11/5/12

Ya he dicho que Esperanza del Campo era una mujer corpulenta. Como además siempre iba vestida de negro me imponía ver su figura cuando abría la puerta de su casa. Casi todos los domingos íbamos a verla. Yo me quedaba en el recibidor plantado detrás de las piernas de mi madre. Me agarraba con fuerza a su falda para que mi abuela no me viese. Desde mi escondite podía escuchar su lamento: este niño no me quiere, hay que ver, qué le habré hecho yo. Supongo que las recriminaciones iban dirigidas a mi madre para que me aleccionara a su favor.
-¿Por qué no quieres besar a tu abuela?
-Porque pincha.
-¿Pincha? –respondía mi madre conteniendo la risa.
-Tiene bigote. Y me da miedo –acababa respondiendo yo con la vista clavada en el suelo-.
Para ganarse mi cariño decidió comprarme una locomotora a pilas que hacía varios sonidos y se le encendían unas luces rojas y azules. La tenía guardada en el último cajón de la cómoda de su dormitorio. Cuando abría la puerta entraba corriendo y me iba directo a su habitación. Allí esperaba a que viniera y abriera el cajón lo antes posible. Pero antes había que pagar el precio. Su cuerpo se abalanzaba sobre mí y me plantaba una batería de besos en la cara que yo recibía con los ojos cerrados y haciendo fuerza con las manos cerradas. Creo que ninguna abuela del mundo ha besado un cuerpo tan rígido como el mío entonces. Después de la ceremonia me entregaba el juguete y me dejaba tranquilo. Su casa tenía un pasillo muy largo. La disposición era la clásica de muchas casas de clase media de la época: recibidor que daba al salón conectado con el comedor y después un corredor interminable que conducía a las tripas de la casa que acababan en una cocina sombría y destartalada a la que prefería no entrar. También estaba el cuarto de baño con la taza de váter alta y su asiento de color negro en el que procuraba no tener que hacer pis. Tenía una cisterna en la pared que hacía mucho ruido, tanto que desde el comedor sabías cuando estaba siendo utilizada.

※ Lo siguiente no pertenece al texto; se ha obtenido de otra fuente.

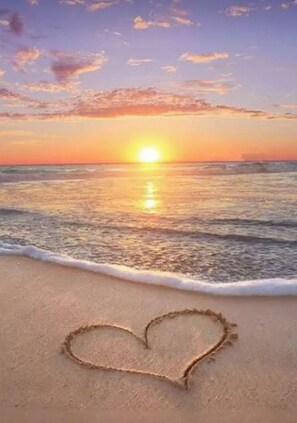 Una playa con un dibujo de arena en forma de corazón y un atardecer sobre el océano.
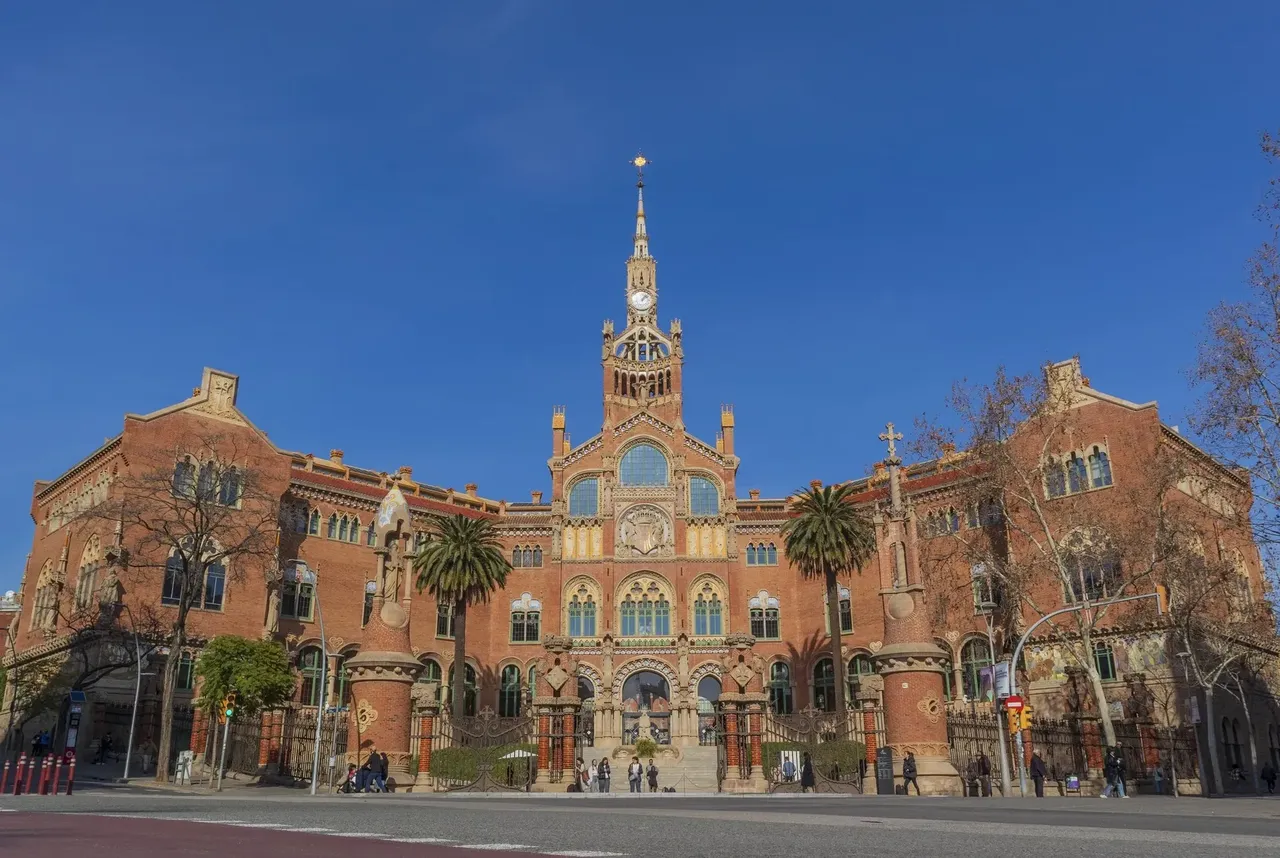 Exteriorul ornamentat al Spitalului de Sant Pau, cu arhitectura sa modernistă, având sculpturi și mozaicuri detaliate.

Los manteles olían a rancio o no sé si a un aceite fuerte y persistente que se hubiese caído por accidente en el pasado y ya no hubiese abandonado el tejido. Cuando abría los cajones del aparador salía ese extraño perfume y ya no se iba hasta que nos marchábamos de su casa y respiraba aliviado subiendo la calle Hermosilla.
Esperanza del Campo temía que llegara el verano. Con el calor comenzaba su calvario. Atravesaba tortuosamente el pasillo abanicándose y maldiciendo entre dientes la tortura. La recuerdo sentada a la mesa del comedor con el antebrazo apoyado al borde del tablero y un abanico negro en la otra mano moviéndose despacio pero con un ritmo acompasado. Yo entonces la miraba con curiosidad intentando sacar conclusiones de lo que sería la vida adulta: maldecir, esperar, abanicarse, soñar otra vida, otro cuerpo, otra estancia y otro clima al que la cabeza se asoma para decirnos después que ahí, exactamente ahí, se encuentra la felicidad. Al estar sentada cerca del balcón las gotas de sudor de su frente se convertían en joyas diminutas que competían con las perlas de sus pendientes. Diría que las dos bolas blanquecinas eran los dos soles de su galaxia, mientras que las gotas de su frente y cuello eran los planetas sufrientes que se veían obligados a una vida corta y absurda. Cuando entraba un golpe de aire por el balcón mi abuela suspiraba aliviada y por unos segundos abandonaba su cárcel. En esos momentos caía en la cuenta de que no estaba sola, de que había un niño pequeño sentado frente a ella, observándola, alimentando ya a su memoria con datos que nunca serían avalados por ningún notario.